▶ _Problem description_: Please output exactly the lines from the one that holds "The sketchpad completes" through the final line of the data, and nothing else; leave out any pictures.

▶ _Information provided_:
※

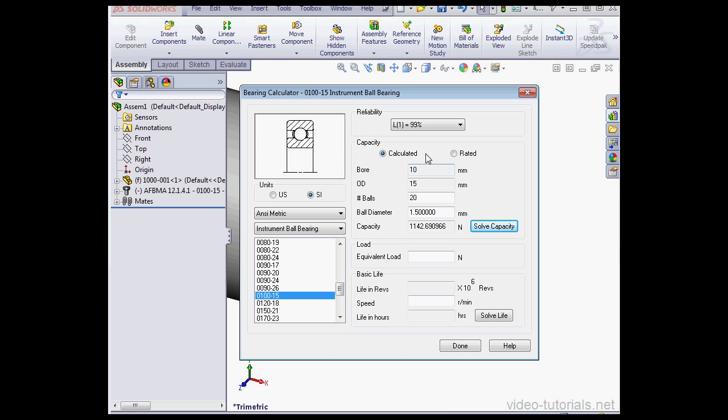Now I'm going to specify the load. One newton is about equal to 100 grams. Let's use 20 newtons. The speed will be 1000 revolutions per minute. Now let's click Solve Life.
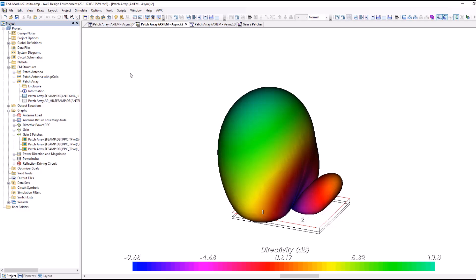You can also plot the theta component of the electric field, the phi, right-hand, left-hand circular polarization, etc., using the similar antenna measurements.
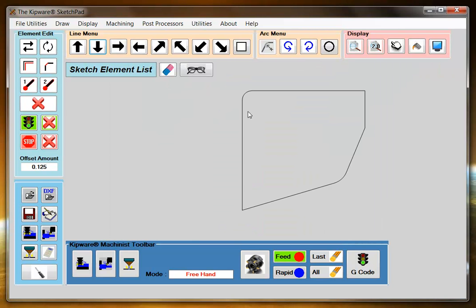The sketchpad completes the drawing by automatically calculating the tangency points and then drawing the rest of our elements.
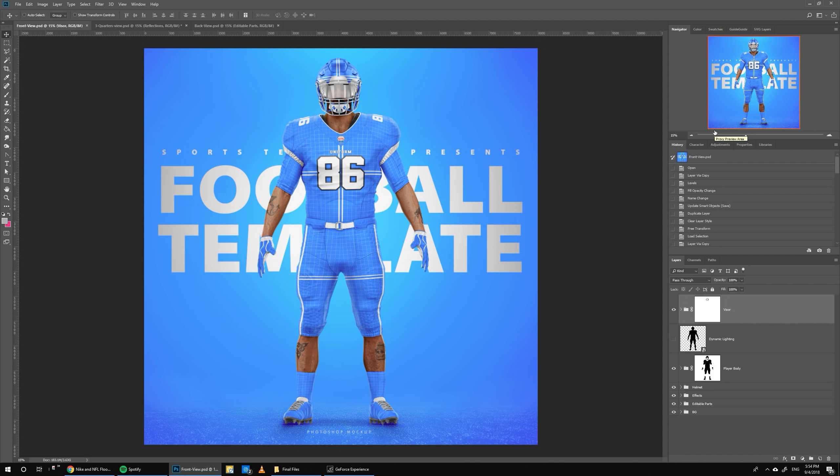Hello there, Ali here from Sports Templates. Today I'm bringing you guys one of the most detailed templates I've ever worked on. This template took around 350 hours to complete, it's 8K and has a lot of new features I've never had in any previous templates. I'm gonna run you through them — hope you guys like it. If you want more templates with these features, let me know in the comments below.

※

▶ _Task output_:
The sketchpad completes the drawing by automatically calculating the tangency points and then drawing the rest of our elements.
Hello there, Ali here from Sports Templates. Today I'm bringing you guys one of the most detailed templates I've ever worked on. This template took around 350 hours to complete, it's 8K and has a lot of new features I've never had in any previous templates. I'm gonna run you through them — hope you guys like it. If you want more templates with these features, let me know in the comments below.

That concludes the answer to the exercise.